Have you ever cried in front of your children?
Have you ever felt guilty about not being able to spend more time with your kids?
Have you ever hugged your children not because they needed it, but because you need it? Well, I did.
It was a quiet and peaceful afternoon. I just finished washing dishes from lunch. I sat down, watched my kids while playing on their own, then suddenly I started blaming myself doing all the chores, why did we not just hire a helper? Now, I felt like I’m always running around the house and felt guilty about not being able to spend more time with kids.
I looked at myself in the mirror. I’m just 29 and I felt like I’ve added many years to my age. I feel sorry for myself for not being able to pay more attention to my personal care. I can’t even take a shower, my hair is always tied up and I don’t even have time to brush it. Then my eyes were filled with tears. I can’t help it, I hugged and kissed my kids so tight, I needed it badly. This mama cried. I wiped off my face and my kids went back to play as I tried to compose myself.
I sat again and mulled over the things that matter most. Then I realized, my kids are actually happier when it’s just us. I have a husband who works so hard for us. We have real family time and we enjoy it more. I’m also happy that I’m in control of everything and that there’s no stranger living with us on the same roof because I’ve heard some horror stories about it.
Having two very active young kids without a helper is sure tough and it’d be good to have extra helping hands, but for the past 2 months, we’re actually better off without a helper.
And So…I wanted to write a reminder for myself and maybe some of you will benefit too.
Dear me, and mamas, or those going through the same thing, remember that this is just one phase in the parenting life-cycle.
Relinquish your guilt.

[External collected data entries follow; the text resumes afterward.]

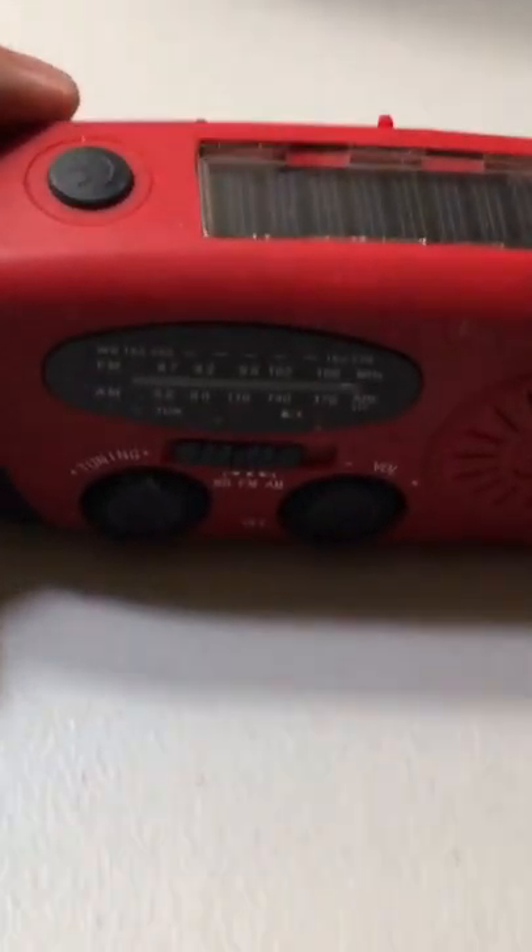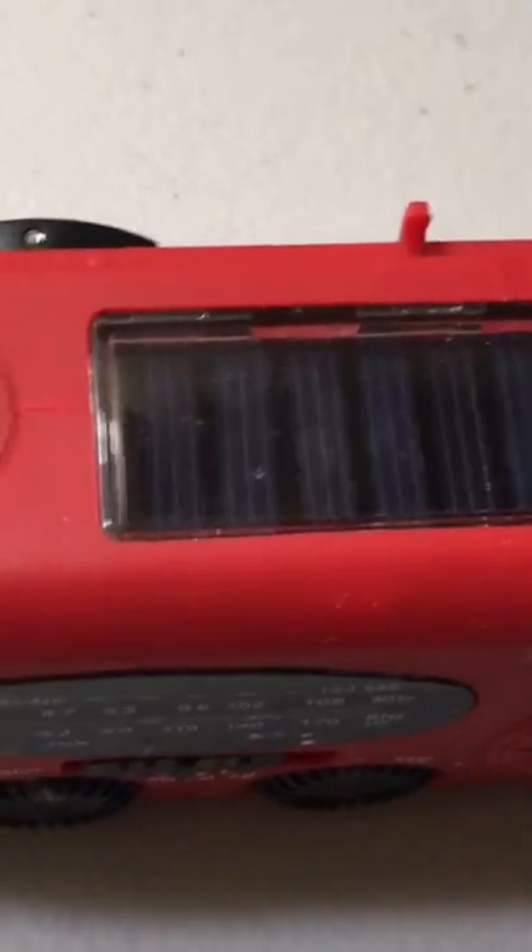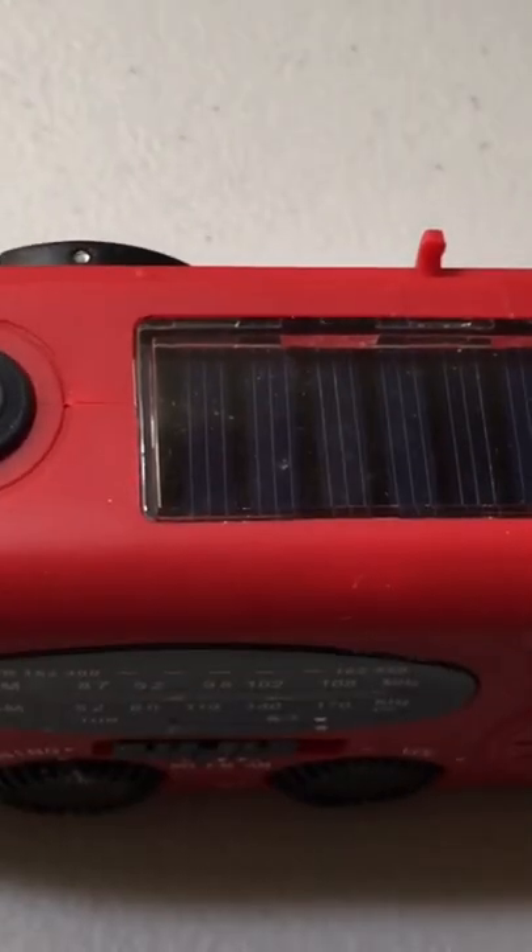You can charge it in a couple of different ways. You can just plug it in — it comes with a charger. You can put it outside on a nice sunny day. See that solar panel right there at the top? You can also charge it manually with the hand crank.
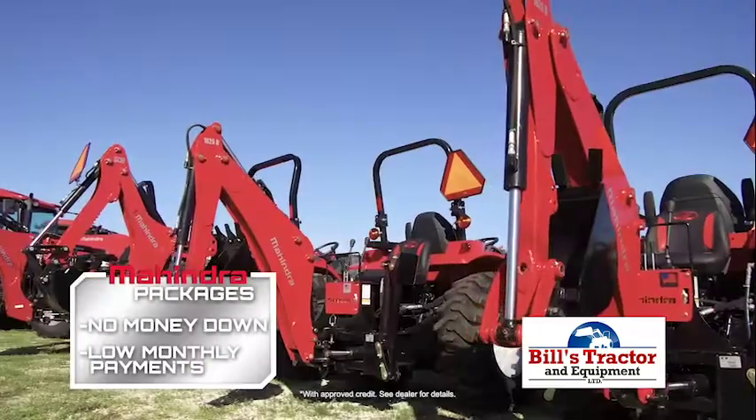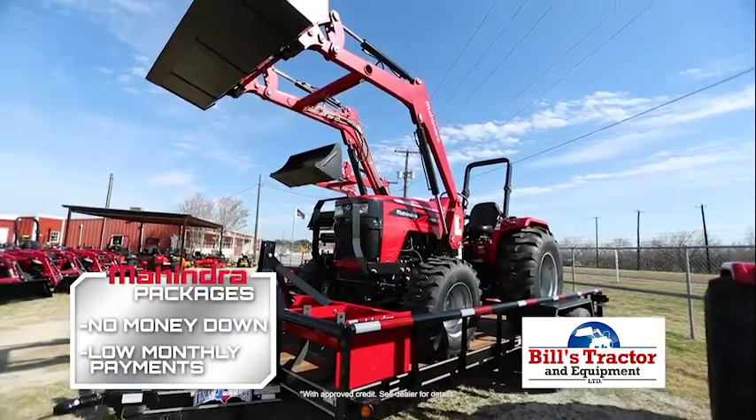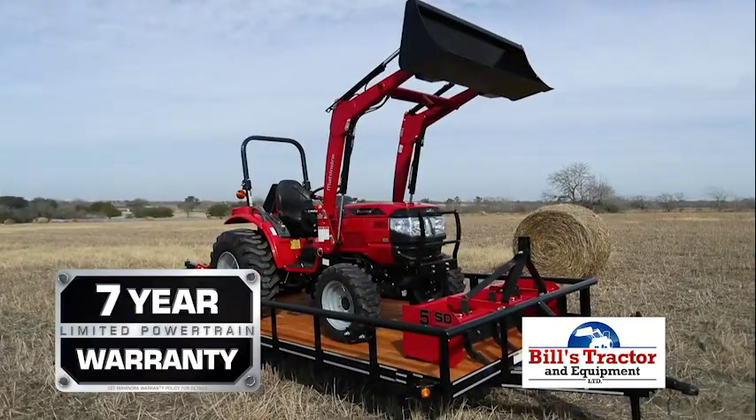Save on a Mahindra with our unbeatable package deals — no money down, low monthly payments, and up to a 7-year, 3,000-hour powertrain warranty.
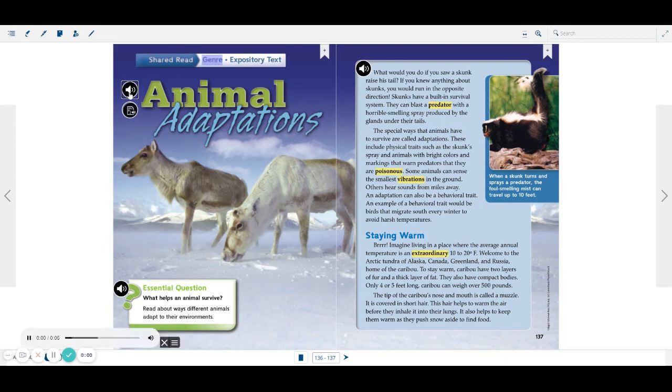Genre: Expository Text — Animal Adaptations. Essential Question: What Helps an Animal Survive? Read about ways different animals adapt to their environments.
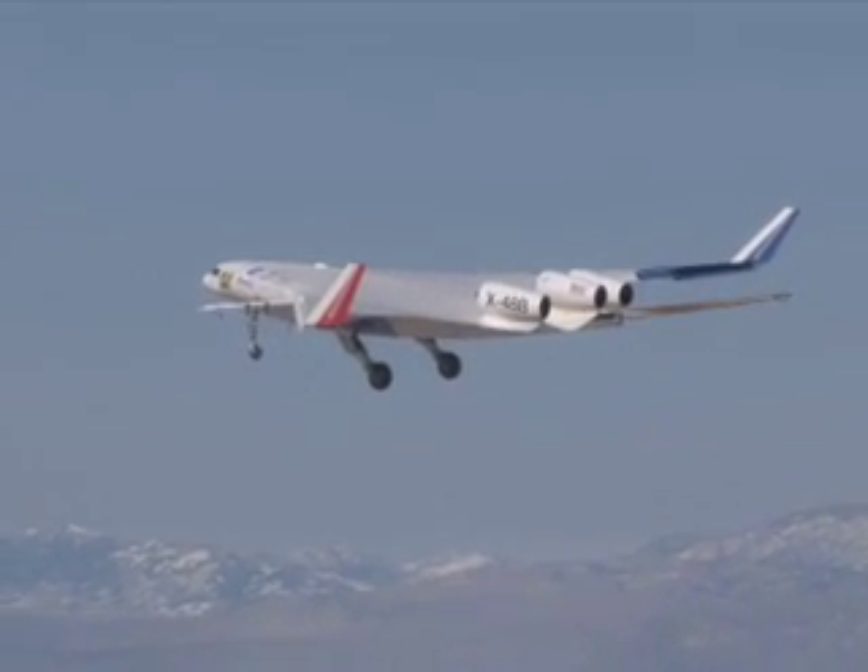It is at least probably 30 percent more efficient than a conventional tube and wing aircraft. The team completed the 80th and last flight of the project's first phase on March 19, 2010.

Whatever mom-guilt it is, just let it go. You will be in the same cycle of guilt if you don’t quit that habit. If you think you’re not spending enough time with your children, then make up for it.
It’s not possible to constantly be with them. It’s just not realistic. The key is quality time, not quantity
Forgive yourself. Accept that you are an imperfect mother and forgive yourself for the moments that you are human. If you don’t, you will constantly think that you are failing. It just leads to disappointment and will cause you to enter a cycle of guilt.
Be happy. Commit to yourself and kick that bad habit of guilt so you can be happier. You have to move on with that mom guilt and enjoy every moment with your kids while they are young. Kids are only kids for a short while. Don’t miss that.
And last but not least.
Pray. Always ask for God’s guidance and blessings every day. Have gratitude for all things.